Precisamente el tema es esa “devaluación interna” a la que se está sometiendo la economía española: trabajar más por menos, trabajar igual por mucho menos. La devaluación, como las mismas palabras de Juan Roig ponen de manifiesto, no consiste en que todos ganamos menos para que todos trabajemos, sino en la proletarización de la clase media, es decir en el aumento de la desigualdad social, en el aumento de la distancia entre ricos y pobres. La gente que manifiesta su opinión (y se manifiesta) contra la reforma laboral no son proletarios, obviamente, sino clases medias que temen convertirse en proletariado. Y tan malo es? Sí, lo es, porque el proletariado actual ha perdido su capacidad para autoregenerarse. Y esa pérdida del tejido social ha sido explicada mediante teorías encontradas. La, digamos, progresista, dice que la pérdida de buenos puestos de trabajo durante la década de los 70 socavó las comunidades y llevó al deterioro social. La conservadora dice que el estado del bienestar empujó a la gente a vivir sin trabajar (a dejar de ser chinos, diría Juan Roig). Y todavía hay una tercera: los neoconservadores creen que el abandono de las normas tradicionales de la burguesía llevó a la ruptura social, especialmente para quienes vivían en una situación frágil.

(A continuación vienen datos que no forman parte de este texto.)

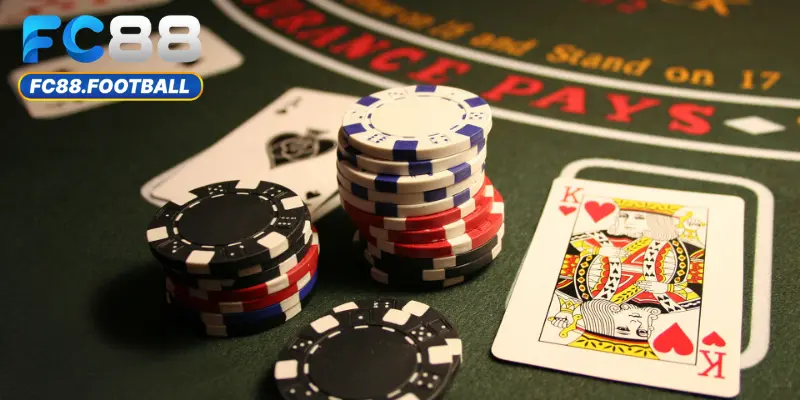 Poker là một trong số các trò chơi trong casino được yêu thích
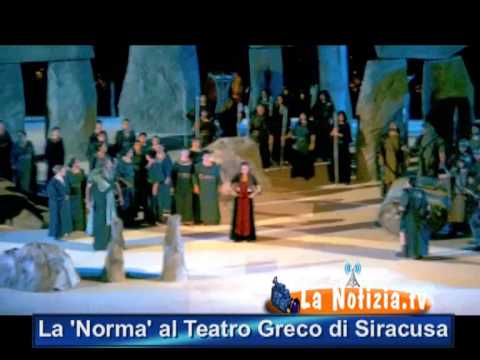 Siracusa - La 'Norma' al Teatro Greco. Un successo firmato Castiglione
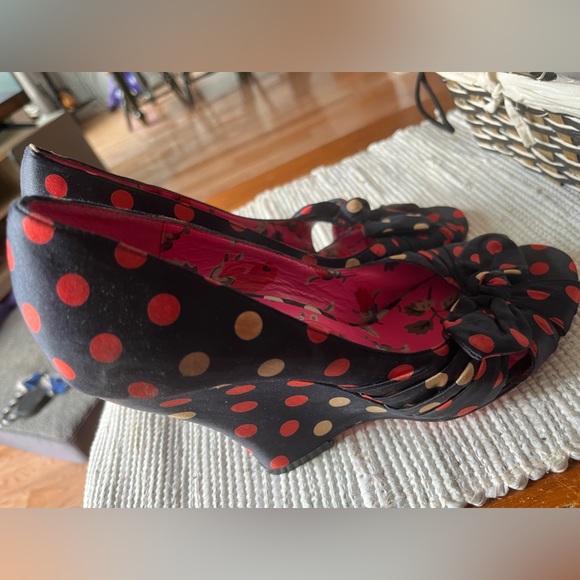 Betsey Johnson Lydia Wedge Peeptoe Heels Rose Print Black Red Pink Satin Women - Picture 2 of 8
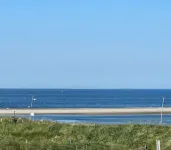 Apartment "Beachfront with sea view and sunny balcony"<br><br>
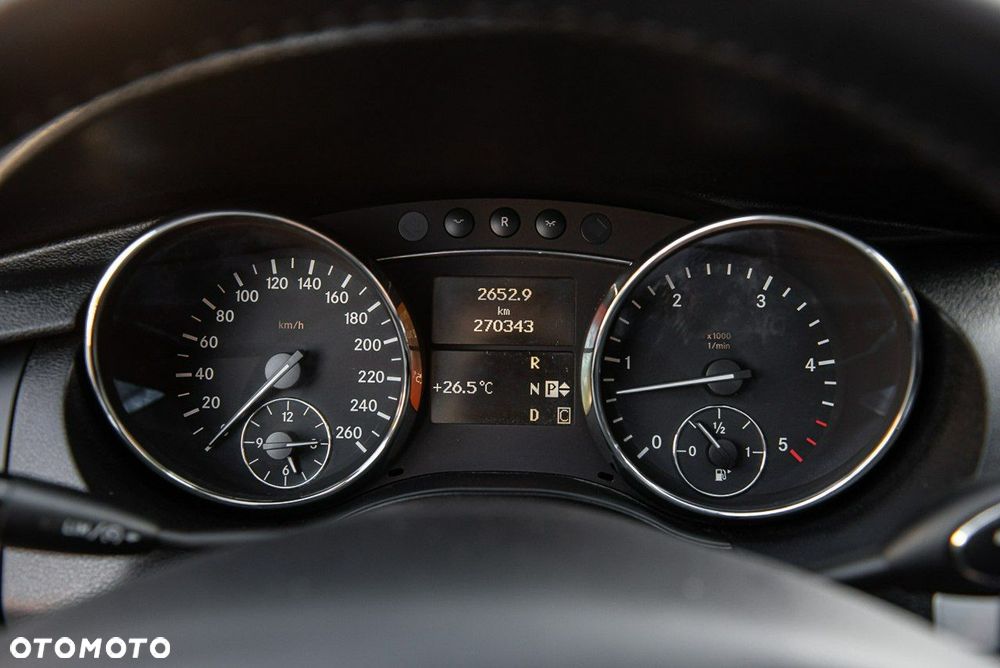 Mercedes-Benz Klasa R 320 CDI L 4Matic 7G-TRONIC - 33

David Brooks apuntaba en el NYT hace semanas que estas explicaciones adolecen de un defecto común: su menosprecio por el conocimiento adquirido en las últimas cuatro décadas. Vamos, que la gente que las defiende aún hoy en día dejó de pensar en 1975, y que en realidad poco importa cual fue el origen del problema.
En primer lugar, no importa cómo se inició la desorganización social, porque una vez que se inicia, toma una dinámica propia. Las personas que crecen en comunidades desestructuradas como las nuestras en la actualidad tienen más probabilidades de llevar vidas rotas en la edad adulta, incrementando el desorden de una generación a otra.
En segundo lugar, no es cierto que la gente de los barrios degradados tenga valores incorrectos. Sus objetivos no son diferentes de todos los demás. Lo que ocurre es que carecen de capital social para adoptar esos valores.
Y en tercer lugar, aunque los individuos deban ser responsables de su comportamiento, el contexto social es más fuerte de lo que pensábamos. Si alguno de nosotros se hubiese criado en un barrio donde un tercio de los hombres abandonaron la escuela, estaríamos mucho peor, también. Pero, alto, ¿no es esa precisamente la tasa de abandono escolar en nuestro país?
Y es que en nuestro país circula la teoría que durante el Boom inmobiliario la tasa de abandono escolar se mantuvo alta por las facilidades de colocación en el mercado de trabajo de mano de obra sin cualificar, y que una vez se ha acabado jauja, esa cifra de abandono escolar retornará mágicamente a niveles aceptables, digamos, europeos. Pero se trata de una falacia: El cálculo egoista familiar dice que dos adultos buscando trabajo tienen menos posibilidades de conseguir alguno que dos adultos y dos jóvenes (o el padre autónomo que se lleva a su hijo a trabajar con él porque así puede que entre los dos consigan paliar las pérdidas…).
Pero incluso esa explicación es insuficiente. La realmente trascendente es que una sociedad precarizada es una sociedad desestructurada en la que valores típicamente burgueses como la formación ceden el paso porque no se posee capital social para llevarlos a cabo; capital social como por ejemplo escuelas más dotadas que palien la desestructuración social y generen más capital social que rompa el círculo de la pobreza al que la reforma laboral aprobada por el gobierno pretende someternos.